Table 1: PJM's 2024 5 Peak Hours, by 5
Figure 4. 5CP Day Distribution, by 5
Speaking of PJM capacity, there was a lot of news this summer around the record-high capacity prices which cleared during the August auction and going into effect on June 1, 2025 (see our previous webinar on this topic). Last week, PJM reported that the auction previously scheduled to take place this December is now postponed for at least 6 months. All of the auctions scheduled to occur after the December 2024 auction are also delayed. This latest delay is to give PJM and FERC enough time to reconsider the inclusion of Reliability Must Run contracted power plants in the auction.
While the possible inclusion of these plants in the auction could (and should) dramatically lower the auction price, it also continues to shorten the window from auction results to implementation for this and the next four auctions. This makes it difficult for new generation projects to participate in the auction and continues the trend of significant regulatory involvement and adjustments to PJM’s capacity pricing model. This adds regulatory uncertainty around the very price signals that PJM holds sacred to these auctions, and the underlying and fundamental principle function of the auction, which is to give actionable forward price signals, indicating when capital should be spent on new generation assets.
Figure 5 shows that spot energy prices in PJM this summer were up slightly compared to the same months last year. Very inexpensive natural gas prices helped keep prices in check, and much lower than in 2022, which saw much higher summer natural gas prices.
Figure 5. Spot Electricity PJM West Real-Time LMP, by 5
New York
Figures 6 and 7 show that spot power prices in both Upstate and Downstate New York share a similar story to PJM. Like its neighboring ISO, NYISO spot prices in all summer months were up slightly compared to the same months in 2023. However, these charts also show that prices are considerably lower than in 2022, due to much lower natural gas prices.
Figure 8 shows that the maximum hourly demand took place earlier this summer, on July 8, during the Hour Ending 6:00 PM ET (HE 18). The preliminary peak demand of 28,990 MW was about 2,550 MW below the NYISO’s “normal weather” baseline forecast published in their 2024 Load and Capacity Data Report. This was an increase of only 0.9% compared to last summer’s peak demand.

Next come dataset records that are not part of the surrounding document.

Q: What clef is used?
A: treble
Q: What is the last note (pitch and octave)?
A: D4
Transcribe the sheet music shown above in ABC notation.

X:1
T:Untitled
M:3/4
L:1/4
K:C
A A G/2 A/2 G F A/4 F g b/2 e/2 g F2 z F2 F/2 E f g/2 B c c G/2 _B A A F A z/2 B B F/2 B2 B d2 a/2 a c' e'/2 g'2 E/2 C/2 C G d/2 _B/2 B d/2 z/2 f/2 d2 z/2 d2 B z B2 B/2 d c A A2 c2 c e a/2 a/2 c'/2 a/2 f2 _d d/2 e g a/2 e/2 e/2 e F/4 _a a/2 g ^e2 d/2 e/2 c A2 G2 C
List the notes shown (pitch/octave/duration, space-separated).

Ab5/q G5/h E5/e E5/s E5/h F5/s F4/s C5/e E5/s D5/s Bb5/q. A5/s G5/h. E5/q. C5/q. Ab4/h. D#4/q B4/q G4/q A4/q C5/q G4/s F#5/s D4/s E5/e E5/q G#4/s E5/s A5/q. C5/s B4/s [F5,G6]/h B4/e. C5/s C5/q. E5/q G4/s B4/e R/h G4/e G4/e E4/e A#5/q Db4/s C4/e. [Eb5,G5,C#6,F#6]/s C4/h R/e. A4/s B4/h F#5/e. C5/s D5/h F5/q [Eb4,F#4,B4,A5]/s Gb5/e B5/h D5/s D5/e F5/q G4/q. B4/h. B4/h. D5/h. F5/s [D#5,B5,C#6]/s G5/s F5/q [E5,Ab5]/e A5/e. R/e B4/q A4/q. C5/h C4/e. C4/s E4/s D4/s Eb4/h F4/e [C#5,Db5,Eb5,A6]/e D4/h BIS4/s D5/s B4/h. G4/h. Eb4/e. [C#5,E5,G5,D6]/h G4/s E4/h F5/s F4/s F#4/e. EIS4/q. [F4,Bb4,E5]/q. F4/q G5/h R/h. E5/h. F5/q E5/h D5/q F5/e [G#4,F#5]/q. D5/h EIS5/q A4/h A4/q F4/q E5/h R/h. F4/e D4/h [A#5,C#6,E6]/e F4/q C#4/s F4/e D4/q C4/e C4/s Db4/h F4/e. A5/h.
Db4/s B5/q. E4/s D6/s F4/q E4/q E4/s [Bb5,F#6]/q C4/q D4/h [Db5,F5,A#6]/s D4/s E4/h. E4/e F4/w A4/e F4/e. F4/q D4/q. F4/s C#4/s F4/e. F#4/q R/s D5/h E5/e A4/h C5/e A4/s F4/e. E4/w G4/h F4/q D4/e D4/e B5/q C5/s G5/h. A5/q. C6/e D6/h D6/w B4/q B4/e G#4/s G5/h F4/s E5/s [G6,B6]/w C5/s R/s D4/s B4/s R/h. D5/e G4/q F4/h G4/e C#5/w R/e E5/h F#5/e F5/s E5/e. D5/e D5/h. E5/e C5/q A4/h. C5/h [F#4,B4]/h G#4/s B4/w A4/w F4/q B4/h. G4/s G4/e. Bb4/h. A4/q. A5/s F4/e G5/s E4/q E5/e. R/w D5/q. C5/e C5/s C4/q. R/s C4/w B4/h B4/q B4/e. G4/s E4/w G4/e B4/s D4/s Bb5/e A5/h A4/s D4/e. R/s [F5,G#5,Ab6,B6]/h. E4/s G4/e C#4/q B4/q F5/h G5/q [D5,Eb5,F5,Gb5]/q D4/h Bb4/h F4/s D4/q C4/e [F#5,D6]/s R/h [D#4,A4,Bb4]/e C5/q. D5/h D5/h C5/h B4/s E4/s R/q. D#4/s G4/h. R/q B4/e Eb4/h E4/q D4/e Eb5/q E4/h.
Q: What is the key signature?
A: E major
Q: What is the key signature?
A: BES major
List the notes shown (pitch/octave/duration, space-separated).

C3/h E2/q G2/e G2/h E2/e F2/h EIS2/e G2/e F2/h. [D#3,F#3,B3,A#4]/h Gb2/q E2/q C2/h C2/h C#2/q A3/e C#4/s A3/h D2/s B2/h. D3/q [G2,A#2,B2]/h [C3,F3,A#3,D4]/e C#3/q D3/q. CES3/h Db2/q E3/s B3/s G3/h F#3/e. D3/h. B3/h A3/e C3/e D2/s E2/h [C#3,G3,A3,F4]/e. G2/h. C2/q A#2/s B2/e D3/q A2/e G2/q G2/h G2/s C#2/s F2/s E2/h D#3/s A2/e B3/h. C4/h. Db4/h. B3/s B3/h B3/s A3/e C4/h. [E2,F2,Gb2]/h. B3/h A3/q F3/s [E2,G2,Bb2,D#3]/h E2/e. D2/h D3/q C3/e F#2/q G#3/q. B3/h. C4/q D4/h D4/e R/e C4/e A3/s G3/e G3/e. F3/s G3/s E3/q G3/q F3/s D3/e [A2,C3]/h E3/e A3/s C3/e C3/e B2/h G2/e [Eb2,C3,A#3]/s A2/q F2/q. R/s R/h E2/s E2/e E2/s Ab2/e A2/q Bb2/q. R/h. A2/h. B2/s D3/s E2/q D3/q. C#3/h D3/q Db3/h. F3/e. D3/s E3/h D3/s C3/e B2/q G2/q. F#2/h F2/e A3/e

Figure 6. Spot Electricity NYISO New York City Real-Time LMP, by 5
Figure 7. Spot Electricity NYISO Zone C Real Time LMP, by 5
Figure 8. NYISO 2024 Deal Peak Dembands, by 5
Overall, it was a rather mild summer compared to 30-year averages, which looks rather cool compared to what has been defined as “normal” in the short-term. The peak demands in all three ISOs were below what was forecasted. This along with low frequency, high-demand days allowed all three grids to perform adequately. Given that the consensus in May was that all three grids were vulnerable, this summer turned out to be very favorable in terms of both stability and price volatility. Cheap natural gas also helped. This summer saw some of the lowest natural gas prices in NYMEX history (when adjusted by CPI) which kept marginal costs down for gas fired power plants across the country.